RFR: 7903649: Field and global variables of array type should have indexed accessors

Tue Jan 30 11:42:39 UTC 2024

On Tue, 30 Jan 2024 10:18:00 GMT, Maurizio Cimadamore <mcimadamore at openjdk.org> wrote:

>> P.S. I guess what I'm implying here is: maybe we need a way to make getting the length of an array field easier as well
>
> Good observation... unfortunately I'm not too sure how to address this - in the sense that a single field can have N length accessors (one per dimension) - well, or at least N static fields. We could simply expose the field layout (and leave it to the client to decode the dimensions) - but that's not too usable, and it also feels a bit redundant (since the field layout can be derived, as you show, from the struct layout). Also, for globals we ditched layouts (because of accessor naming troubles), so the same approach wouldn't work there.
> 
> It feels like doubling down on layouts is the right way to go - and it would be generally useful to maybe have a layout per field/global variable. But the logistics of it are complicated, especially for global variables (where you'd need a extra holder class for each global variable to store the layout), and naming can be a pain too.

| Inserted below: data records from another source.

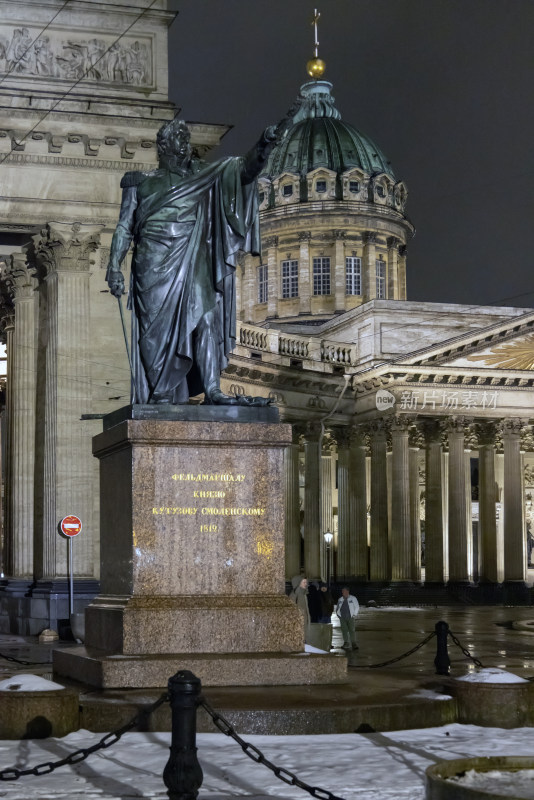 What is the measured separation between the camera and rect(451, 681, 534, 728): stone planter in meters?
12.6

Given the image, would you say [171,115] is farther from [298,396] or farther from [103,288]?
[298,396]

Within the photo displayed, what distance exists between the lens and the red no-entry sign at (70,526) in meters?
31.5

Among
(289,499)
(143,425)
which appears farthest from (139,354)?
(289,499)

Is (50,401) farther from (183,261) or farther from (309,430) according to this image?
(309,430)

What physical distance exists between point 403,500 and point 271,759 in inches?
2333

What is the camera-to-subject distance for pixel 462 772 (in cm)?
628

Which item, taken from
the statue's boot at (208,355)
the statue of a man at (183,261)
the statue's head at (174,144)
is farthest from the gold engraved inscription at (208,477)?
the statue's head at (174,144)

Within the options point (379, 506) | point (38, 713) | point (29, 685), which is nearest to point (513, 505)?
point (379, 506)

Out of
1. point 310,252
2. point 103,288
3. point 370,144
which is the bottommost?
point 103,288

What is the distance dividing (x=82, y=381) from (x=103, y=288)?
8.12ft

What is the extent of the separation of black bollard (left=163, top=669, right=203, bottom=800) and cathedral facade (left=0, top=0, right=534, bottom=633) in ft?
21.6

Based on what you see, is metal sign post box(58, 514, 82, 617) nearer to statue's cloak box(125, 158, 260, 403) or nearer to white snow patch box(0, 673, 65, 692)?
statue's cloak box(125, 158, 260, 403)

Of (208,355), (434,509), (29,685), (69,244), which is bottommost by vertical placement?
(29,685)

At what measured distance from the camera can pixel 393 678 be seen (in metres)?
14.8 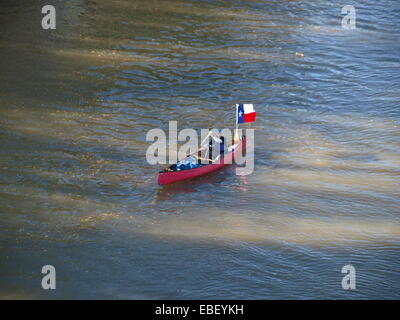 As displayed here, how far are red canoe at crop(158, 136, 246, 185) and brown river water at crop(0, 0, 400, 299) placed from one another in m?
0.27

Thinking a bit more... while the hardwired array lengths are not ideal, I guess I still see the glass as half-full: the javadoc of the accessor shows the array declaration in full, and that will have the correct sizes displayed. Yes, it's a bit of a pity that the sizes are only captured in the javadoc, but I'm not sure we can fix that w/o moving to a more complex translation scheme. Also, the indices passed to the array accessor are validated dynamically (as the array handle is derived from the layout), so there's at least some dynamic safety.

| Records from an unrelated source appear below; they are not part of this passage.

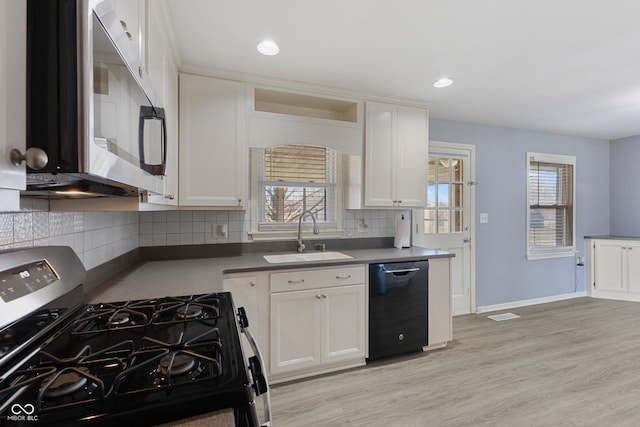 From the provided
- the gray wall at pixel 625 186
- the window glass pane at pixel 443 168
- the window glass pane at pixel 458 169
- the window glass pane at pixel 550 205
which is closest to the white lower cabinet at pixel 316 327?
the window glass pane at pixel 443 168

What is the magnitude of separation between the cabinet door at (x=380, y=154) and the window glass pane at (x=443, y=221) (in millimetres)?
1008

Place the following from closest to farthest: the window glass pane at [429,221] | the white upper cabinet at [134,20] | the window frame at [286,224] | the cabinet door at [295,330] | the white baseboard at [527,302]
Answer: the white upper cabinet at [134,20] < the cabinet door at [295,330] < the window frame at [286,224] < the window glass pane at [429,221] < the white baseboard at [527,302]

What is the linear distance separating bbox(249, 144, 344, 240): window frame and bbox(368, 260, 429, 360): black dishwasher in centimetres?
68

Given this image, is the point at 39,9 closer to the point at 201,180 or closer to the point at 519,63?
the point at 201,180

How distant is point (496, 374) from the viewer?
2.33 metres

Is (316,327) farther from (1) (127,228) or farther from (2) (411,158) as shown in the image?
(2) (411,158)

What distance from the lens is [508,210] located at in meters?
3.86

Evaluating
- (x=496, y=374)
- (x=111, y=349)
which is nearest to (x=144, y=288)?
(x=111, y=349)

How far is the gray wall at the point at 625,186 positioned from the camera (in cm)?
432

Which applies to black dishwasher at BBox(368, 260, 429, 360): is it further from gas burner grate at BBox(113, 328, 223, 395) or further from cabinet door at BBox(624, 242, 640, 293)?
cabinet door at BBox(624, 242, 640, 293)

If we want to capture the dimensions in the generated code, we need at least a single `long[]` array. But then the problem is with naming: if we call this `<fieldName>$dims`, we go back to dollar names (which we tried to back away from with recent changes). The biggest issue of using simpler names (as we do now) is that we don't really have a great story for adding extra accessors in a way that is easily discoverable for clients (we have this same issue for exposing layouts of global variables, or function descriptors of native functions).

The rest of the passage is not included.